Metadata-Version: 2.4
Name: sniffcell
Version: 0.9.2
Summary: SniffCell annotates structural variants using long-read methylation evidence and ctDMR signals.
Home-page: https://github.com/Fu-Yilei/SniffCell
Author: Yilei Fu
Author-email: yilei.fu@bcm.edu
License: MIT
Project-URL: Bug Tracker, https://github.com/Fu-Yilei/SniffCell/issues
Classifier: Programming Language :: Python :: 3
Classifier: License :: OSI Approved :: MIT License
Classifier: Operating System :: OS Independent
Requires-Python: >=3.10
Description-Content-Type: text/markdown
License-File: LICENSE
Requires-Dist: pysam>=0.21.0
Requires-Dist: numpy>=2.2.0
Requires-Dist: pandas>=2.3.0
Requires-Dist: scipy
Requires-Dist: tqdm
Requires-Dist: scikit-learn
Requires-Dist: matplotlib
Provides-Extra: discover
Requires-Dist: tdb; extra == "discover"
Requires-Dist: seaborn>=0.13; extra == "discover"
Provides-Extra: discover-plots
Requires-Dist: seaborn>=0.13; extra == "discover-plots"
Provides-Extra: igvreport
Requires-Dist: igv-reports; extra == "igvreport"
Provides-Extra: full
Requires-Dist: tdb; extra == "full"
Requires-Dist: seaborn>=0.13; extra == "full"
Requires-Dist: igv-reports; extra == "full"
Dynamic: license-file

# SniffCell

[![PyPI version](https://img.shields.io/pypi/v/sniffcell.svg)](https://pypi.org/project/sniffcell/)
[![Python](https://img.shields.io/badge/python-%3E%3D3.10-3776AB?logo=python&logoColor=white)](https://www.python.org/)
[![License: MIT](https://img.shields.io/badge/License-MIT-yellow.svg)](https://opensource.org/licenses/MIT)
[![Docs](https://img.shields.io/badge/Docs-Wiki-181717?logo=github)](https://github.com/Fu-Yilei/SniffCell/wiki)
[![Issues](https://img.shields.io/badge/Issues-GitHub-red?logo=github)](https://github.com/Fu-Yilei/SniffCell/issues)

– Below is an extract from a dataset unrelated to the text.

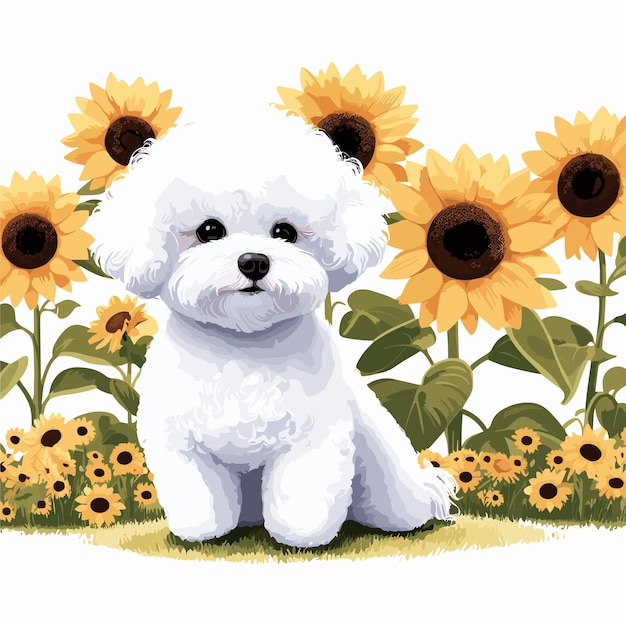 Cute Bichon Frise dog and Sunflowers cartoon Vector Style white background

**SniffCell** is a Python toolkit for annotating somatic structural variants (SVs) with cell-type origin using long-read DNA methylation. It integrates cell-type-specific differentially methylated regions (ctDMRs) derived from a reference methylation atlas with per-read methylation measurements from nanopore or PacBio long-read BAMs to assign each SV — or every read in a sample — to a cell population.

---

## Why SniffCell?

Somatic SVs identified from bulk long-read sequencing are a mixture of events from different cell types. Without knowing the cell of origin, it is difficult to interpret their functional significance or estimate their true variant allele fraction within a specific compartment. SniffCell solves this by reading the epigenetic "fingerprint" imprinted on each DNA molecule and matching it against a reference atlas of cell-type-specific methylation patterns.

**Core capabilities:**

- **ctDMR discovery** — Mine a reference methylation atlas to find genomic regions with distinct methylation in each cell population
- **Read-level deconvolution** — Assign every read in a BAM to a cell type using ctDMR methylation signals, with no single-cell data required
- **SV annotation** — Link cell-type identity to SV-supporting reads and produce a per-SV cell-of-origin call
- **Discovery pipeline** — Run a full multi-stage SV / tandem-repeat / SNV calling workflow on cell-type-split BAMs produced by deconvolution
- **Interactive reporting** — Filter high-confidence SVs and generate an HTML review report with clickable per-SV figures and IGV screenshots

---

## Overview

![SniffCell workflow](https://raw.githubusercontent.com/Fu-Yilei/SniffCell/main/img/workflow.png)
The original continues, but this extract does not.